Summer Interlude (1951), the story of a summer romance between a sunny, confident young ballet student (Maj-Britt Nilsson) and a shy scholar (Birger Malmsten) on the lush vacation islands of the Stockholm archipelago, is a memory film. The older ballerina, now emotionally cocooned in regret and loss, is sent back to those free and easy days when she receives a handwritten diary, and she revisits the island, now a cold, foggy corpse of its summer lushness, to come to terms with her past.
Lovingly shot by Gunnar Fischer, Bergman’s first great cinematographer collaborator, the film is steeped in metaphor: a philosophical rumination on love and loss staged as a story, with characters more like archetypes in a theatre piece. Summer is the charge of youth in the idealism of eternal vacation and the innocence of young love in all its dimensions.
Summer with Monika (1953), starring Bergman’s first acknowledged muse Harriet Andersson as the impulsive, anxious, immature young Monika, is more about the complications, the rough edges, the unseen complications in a young couple after the bloom of sexual charge gives way to living in the real world.
Here, summer is less a metaphor and more of the literal time of year that allows these working teenagers to flee the city and live on the islands of the archipelago without a care. For Monika, it is an escape from the reality of the city – her family, her job, the dull life of a working class girl – and only the reality of supplies and food and the onset of autumn’s cold weather drives her back from this ambivalent self-made Eden and back to the material world of Stockholm.
Both are miniatures, studies in character and idea, small in scope and ambition, full of lovely moments and delicate performances. Bergman is finding his themes and learning to express himself and they both feature with moments of grace They don’t have the depth or the breadth or the richness of his great films, but his growth as a filmmaker is apparent in these jump between these two films. Where “Interude” is lovely but sophisticated sketch for films to come, “Monika” brings the real world into Bergman’s world and the tensions create a more powerful and resonant film.

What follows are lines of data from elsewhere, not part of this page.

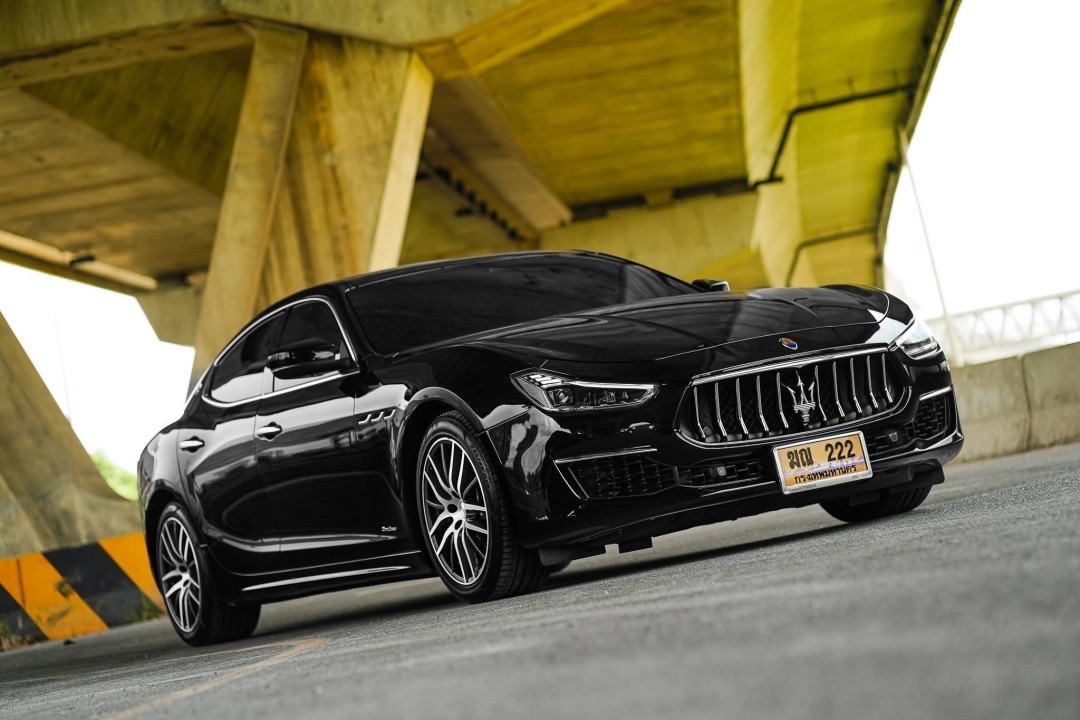 Maserati Ghibli 3.0d GrandLusso ปี 2019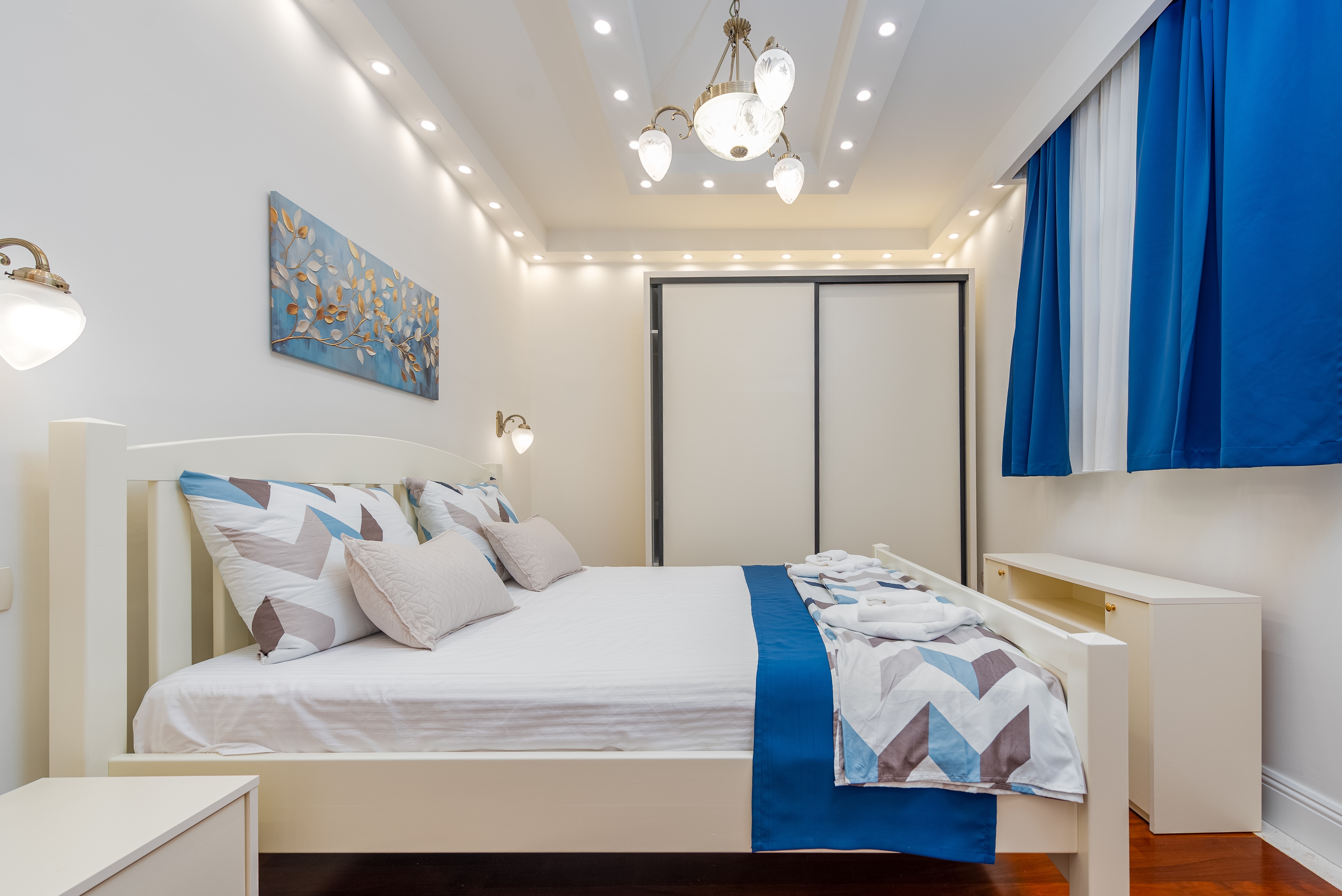 Two bedroom apartment with balcony Novalja, Pag  A-b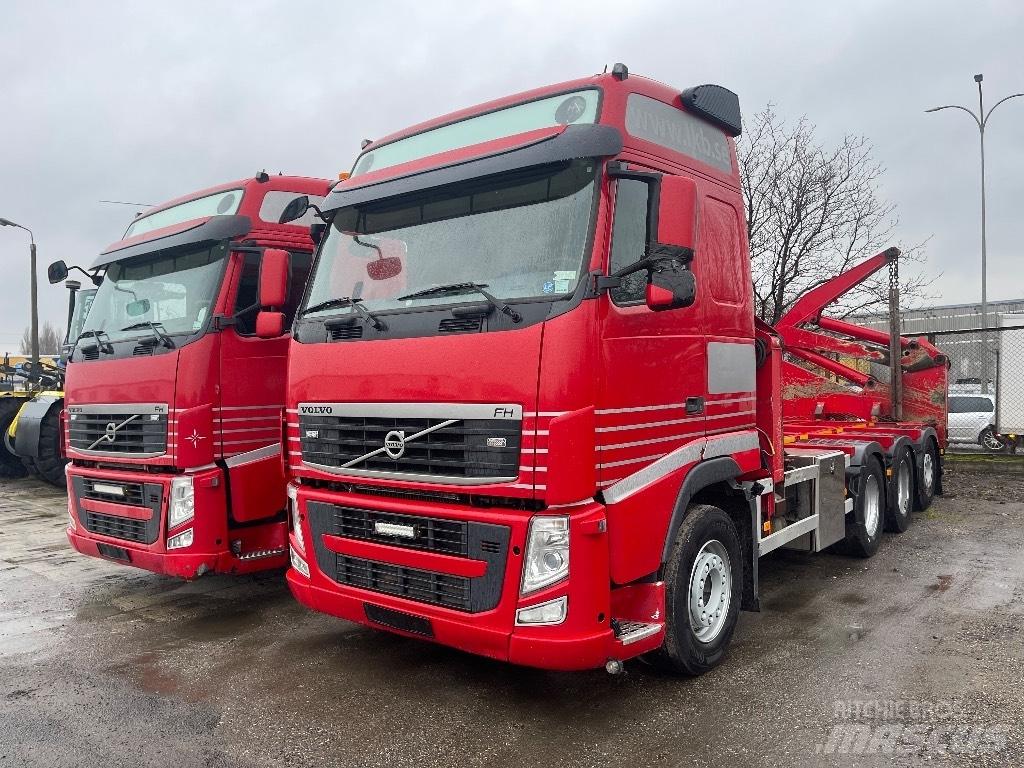 Volvo Fh 500 크레인 트럭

Both debut on Blu-ray and DVD from Criterion. Summer Interlude features no supplements beyond a booklet with an essay by Peter Cowie. Summer with Monika features an introduction by Ingmar Bergman (recorded in 2003), a new video interview with actress Harriet Andersson conducted by Peter Cowie, half-hour documentary Images from the Playground by Stig Björkman (featuring behind-the-scenes footage shot by Bergman), and an interview with film scholar Eric Schaefer discussing the original American release of Summer with Monika as an exploitation film, cut down and dubbed by Kroger Babb and released as Monika: Story of a Bad Girl.